ScrapOnePage(url='https://www.crummy.com/software/BeautifulSoup/bs4/doc/', everything=True).return_result_dict()
In ScrapOnePage()
we indicate the url address and optionally the following parameters:
everything=False/True
outbound_links=False/True,
internal_links=False/True,
h1=False/True,
h2=False/True,
h3=False/True,
canonical=False/True,
title=False/True,
meta_description=False/True,
img=False/True,
All parameters are optional and define what we want to scrape.

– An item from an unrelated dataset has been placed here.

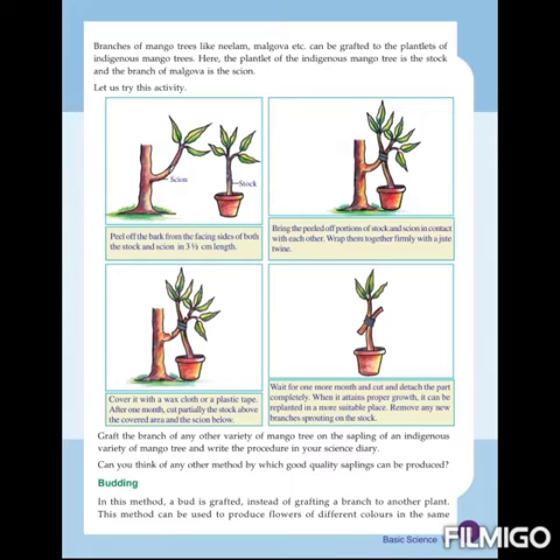Remove any new branches sprouting on the stalk. After attaining proper growth, we can replant it in a more suitable place. These are the steps in grafting. The method we have seen here is known as approach grafting — there are different types of grafting methods, and this is approach grafting.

If the website has a special encoding, for example Polish special characters, we can use:
decode=''
As a result we get dict in dict:
{url-we-scrap: {result}}
For graphics internal/outbound links we get dict where keys it's internal/outbound links and the values are a list, where the first value is always number of number of occurrences for the link, and the rest of the values are anchor:
For graphics, we get dict where the keys are the addresses of the graphics and the values are the number of their appearances
CrawlEntirePage(url='https://www.crummy.com/software/BeautifulSoup/bs4/doc/', everything=True).start_crawl()
In CrawlEntirePage()
we indicate start url and the same parameters as with ScrapOnePage()
.
In start_crawl()
we optional indicate the:
number_of_threaded=1
sleep_time=0
file_loc=''
condition_allow=''
- regex
condition_disallow=''
- regex
The result will be saved as csv